Beneath this line sits some data. Return only its lines from the one holding "Чорний Хендай i30, об'ємом" through the one holding "Snapshot of Bia_sexynovaes", inclusive, exactly, with the images removed.

(Collected data)
=== Section Start ===
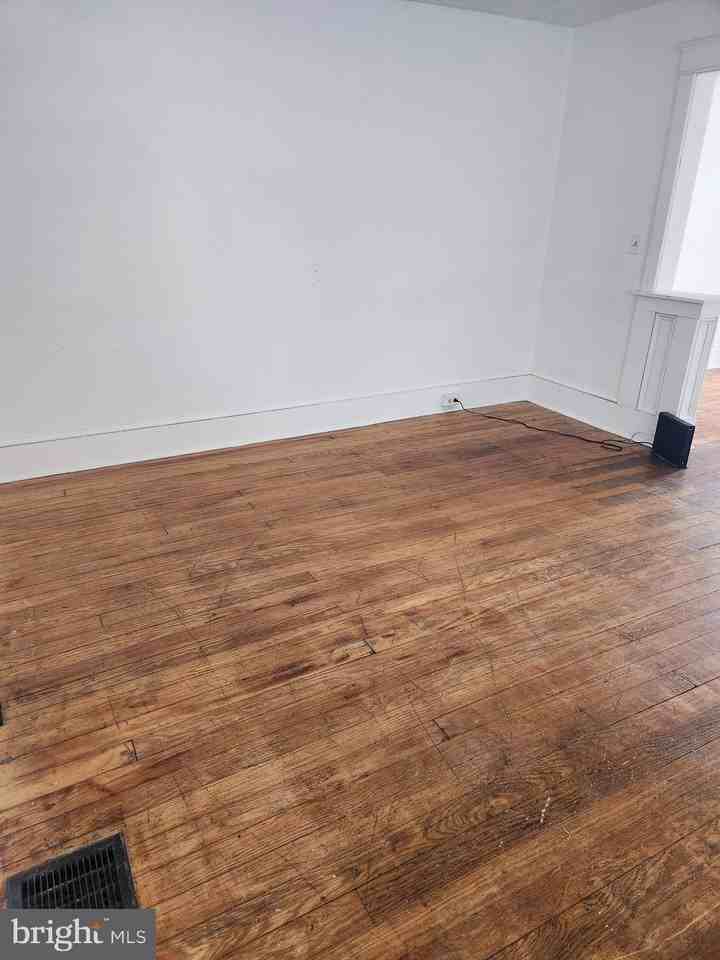 806 W John St - Photo 6 of 11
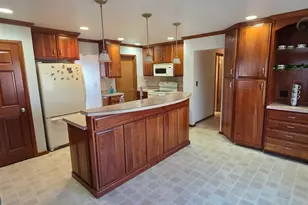 1106 Foothills Cir, Albert Lea, MN 56007 - Photo 15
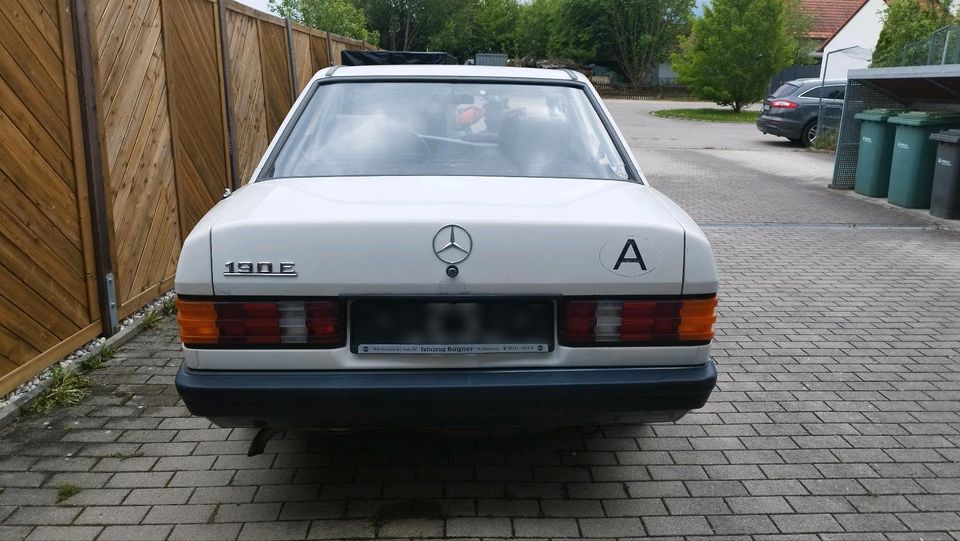 Mercedes 190E W201 in Velden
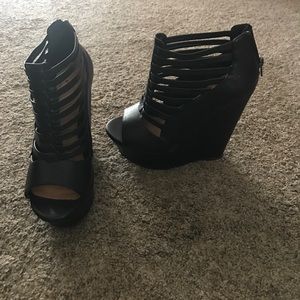 Black wedges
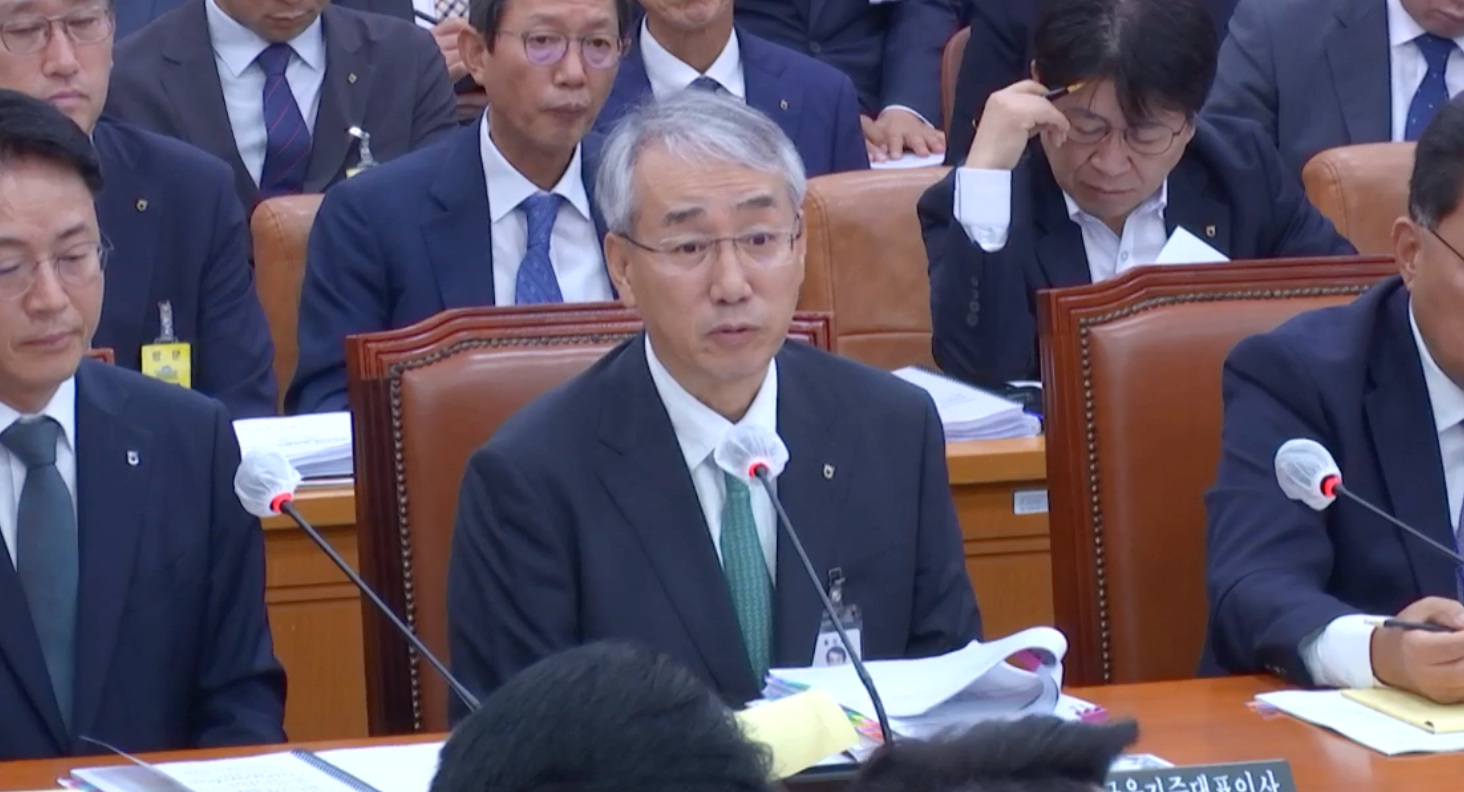 이석준 NH농협금융지주 회장이 18일 국회 농림축산식품해양수산위원회 국정감사에서 조경태 국민의힘 의원의 질의에 답하고 있다./사진=국회 인터넷의사중계시스템 갈무리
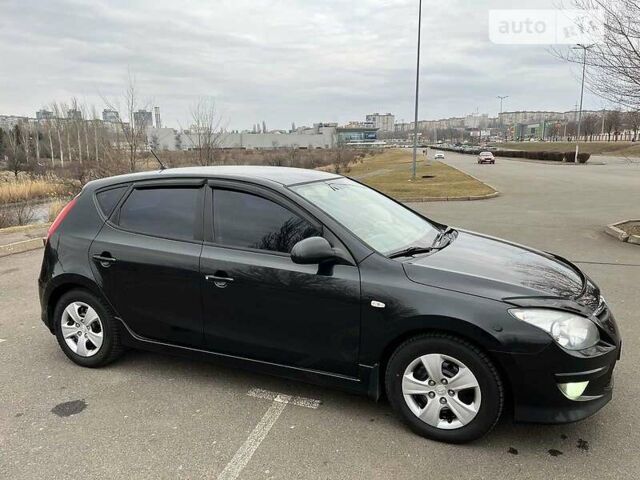 Чорний Хендай i30, об'ємом двигуна 1.4 л та пробігом 172 тис. км за 6950 $, фото 3 на Automoto.ua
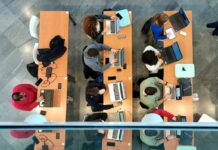 Préstamos para estudiantes: qué considerar antes de endeudarse para la universidad | Mercados Financieros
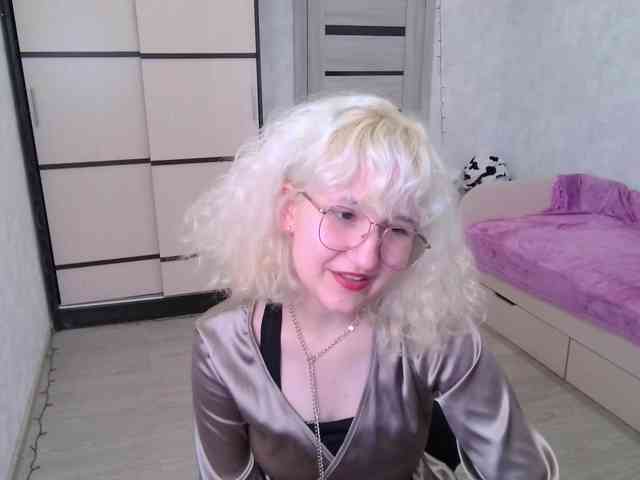 ElizabethWooler webcam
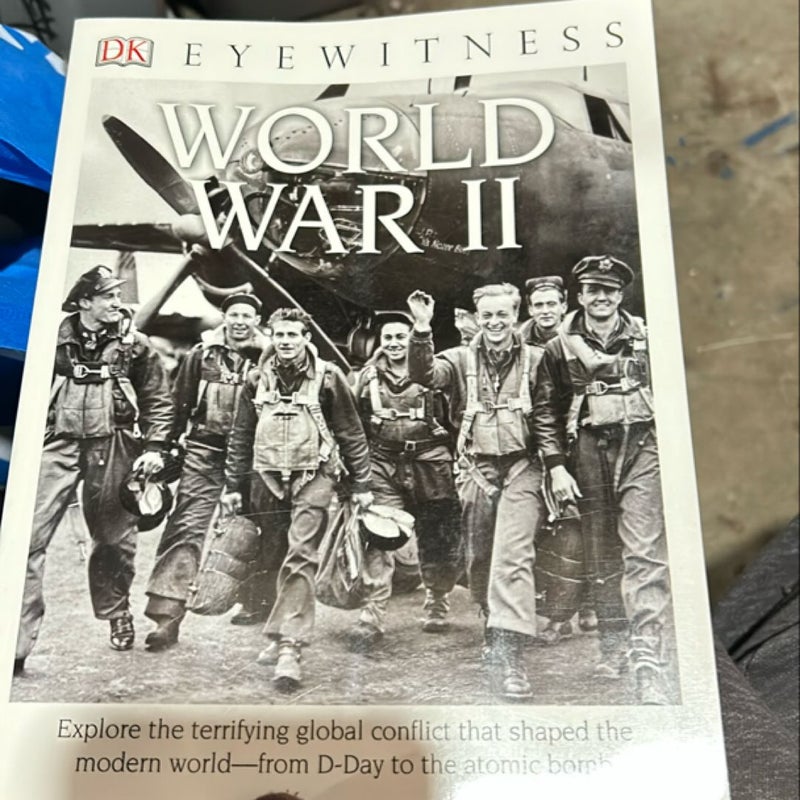 DK Eyewitness Books: World War II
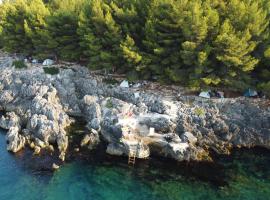 Pine Side Camp, hotel sa Himare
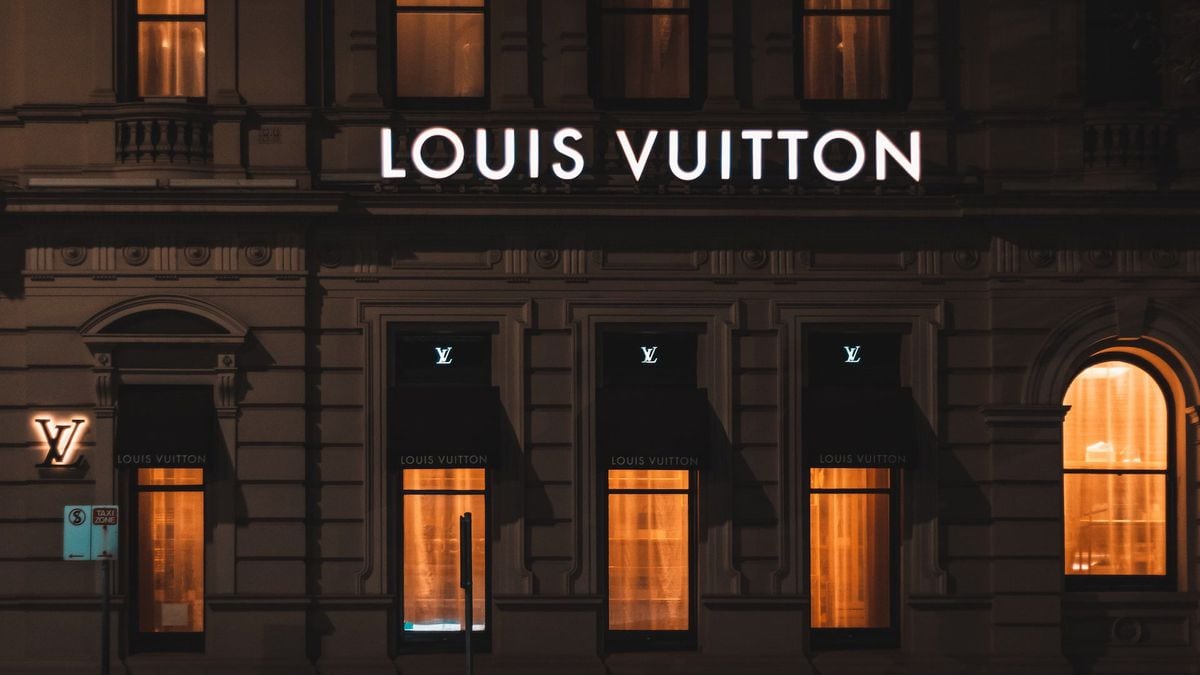 NFTs Weekly News #44- Entertainment: Louis Vuitton launches a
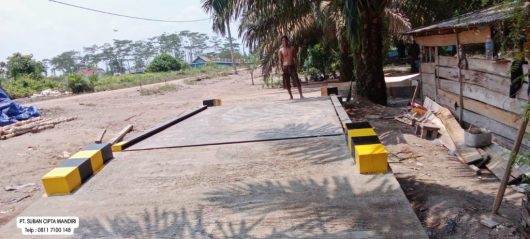 BAPAK HERRY AGUSTIAN AB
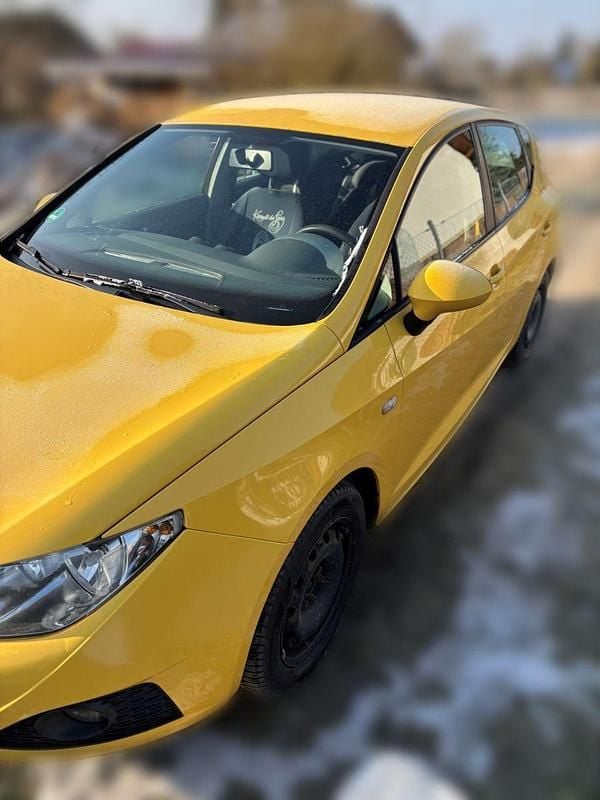 Usado Seat Ibiza Style 90 HP (66 kW) 2010 Amarelo Sedan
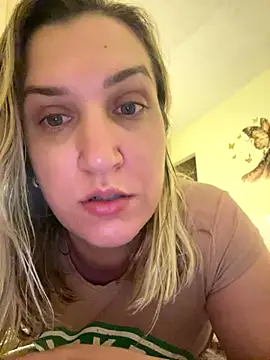 Snapshot of Bia_sexynovaes chatting on December 13, 10:04 pm Bia sexynovaes online show from December 13, 10:04 pm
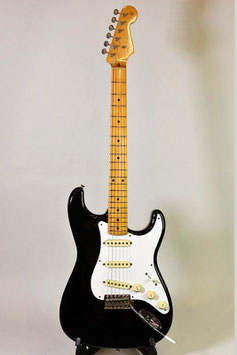 HOLD　Fender Japan STD-57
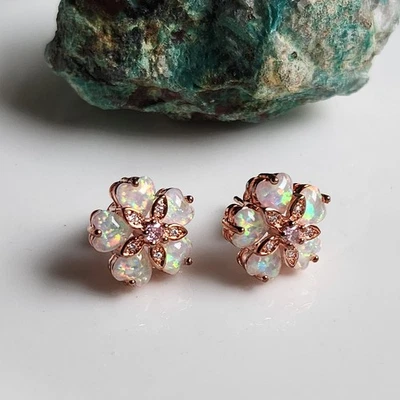 Серьги-сердечки 5,5 мм с натуральным опалом сапфиром 5/8 дюйма покрытие розовым золотом серебро 925 пробы - Изображение 1 из 2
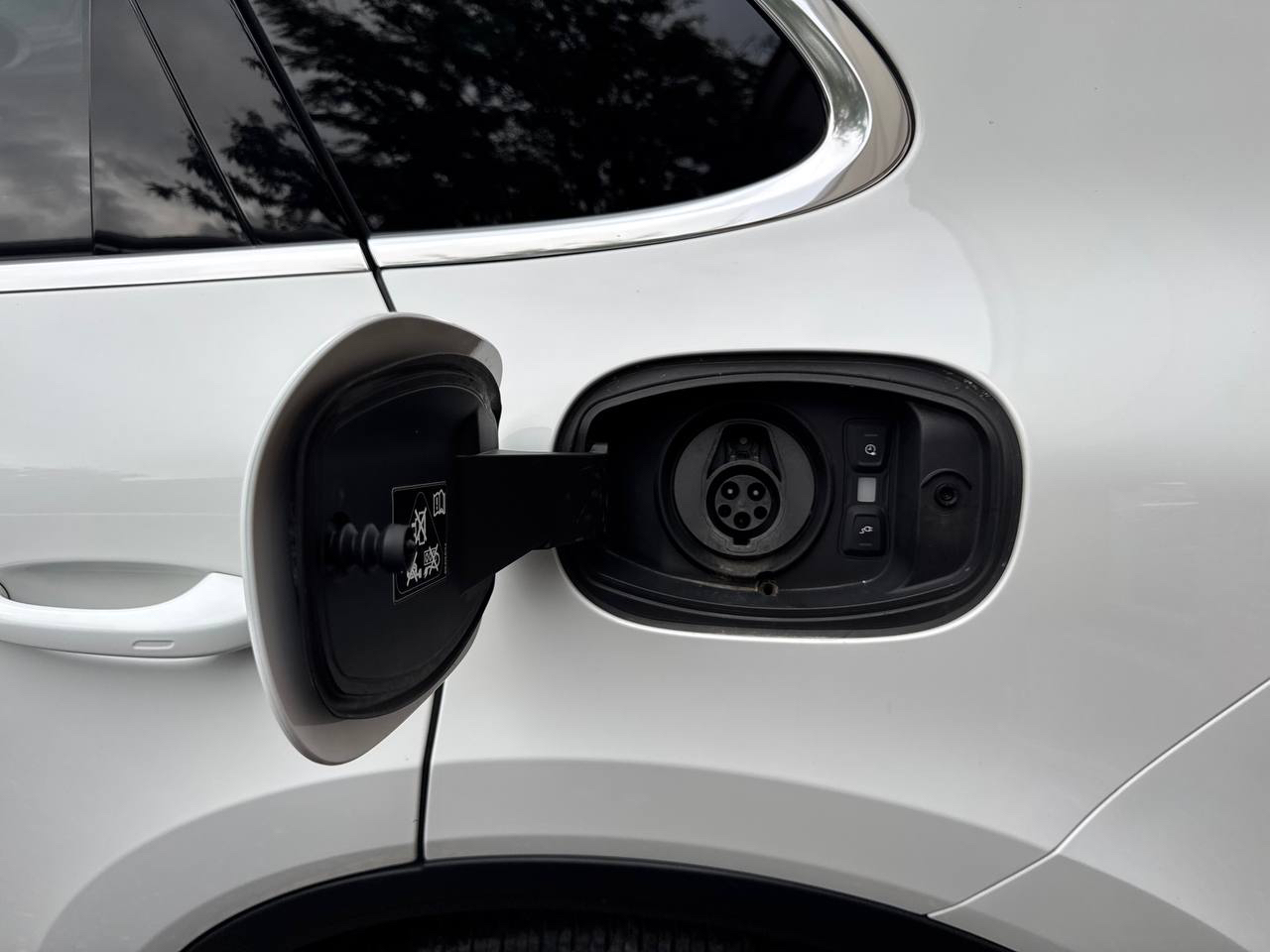 /crownautomobile/2022-Porsche-Cayenne-48051361441879314.jpg
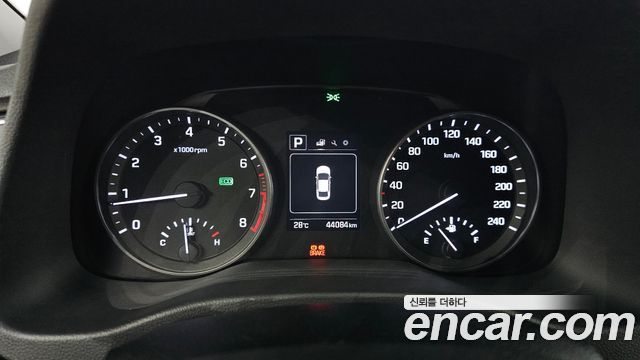Hyundai AVANTE 2017 — photo 8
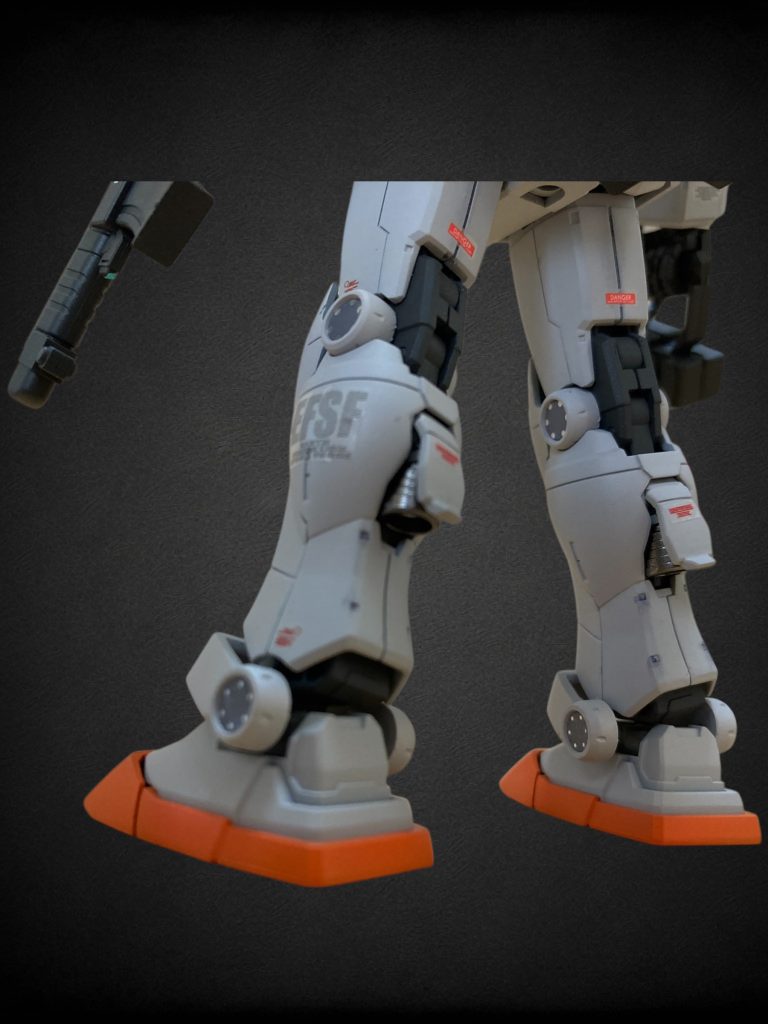 写真載せ忘れの為追加です。ふくらはぎのバーニアは少し前のジムキャノン同様、バックパック用のバーニアを使用。カバーが閉まりませんがあえてこのようにしました。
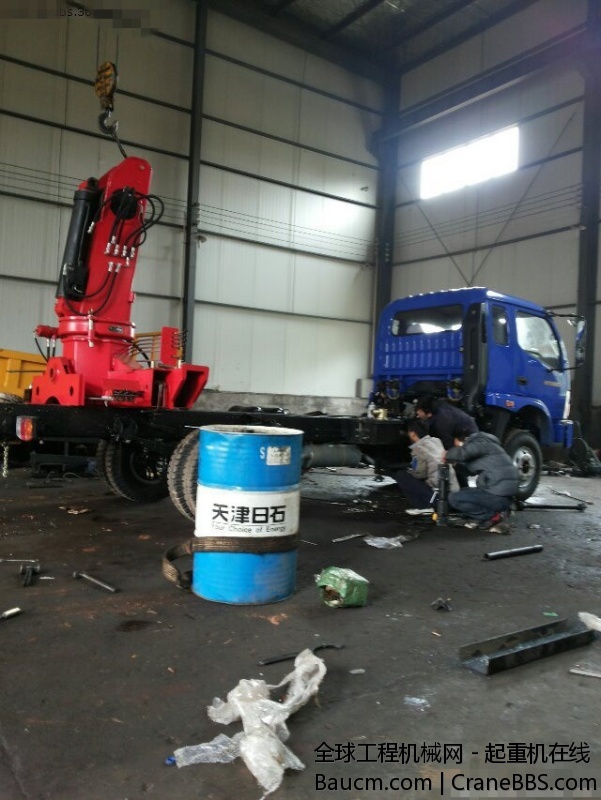 湖南长沙新购买三一帕尔菲格6.3吨随车吊 臂长比徐工长 三一6吨的价钱比石煤和徐工贵几.jpg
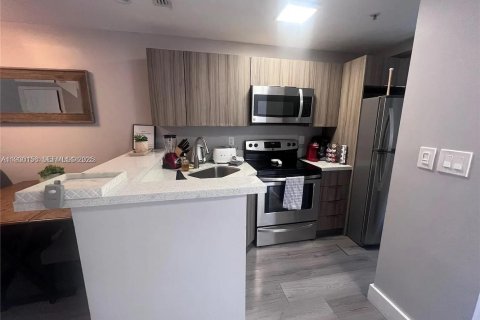 Снять в аренду кондоминиум в Майами, Флорида 1 спальня, 62.43м2, № 1988932 - фото 2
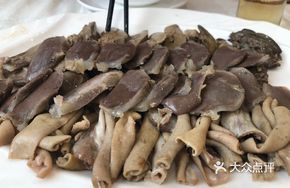 Steamed Goose Offal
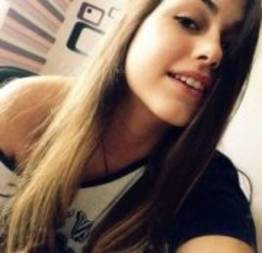 Flaviana novinha trepando com favelado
=== Section End ===
● Reply to the exercise
 Чорний Хендай i30, об'ємом двигуна 1.4 л та пробігом 172 тис. км за 6950 $, фото 3 на Automoto.ua
 Préstamos para estudiantes: qué considerar antes de endeudarse para la universidad | Mercados Financieros
 ElizabethWooler webcam
 DK Eyewitness Books: World War II
 Pine Side Camp, hotel sa Himare
 NFTs Weekly News #44- Entertainment: Louis Vuitton launches a
 BAPAK HERRY AGUSTIAN AB
 Usado Seat Ibiza Style 90 HP (66 kW) 2010 Amarelo Sedan
 Snapshot of Bia_sexynovaes chatting on December 13, 10:04 pm Bia sexynovaes online show from December 13, 10:04 pm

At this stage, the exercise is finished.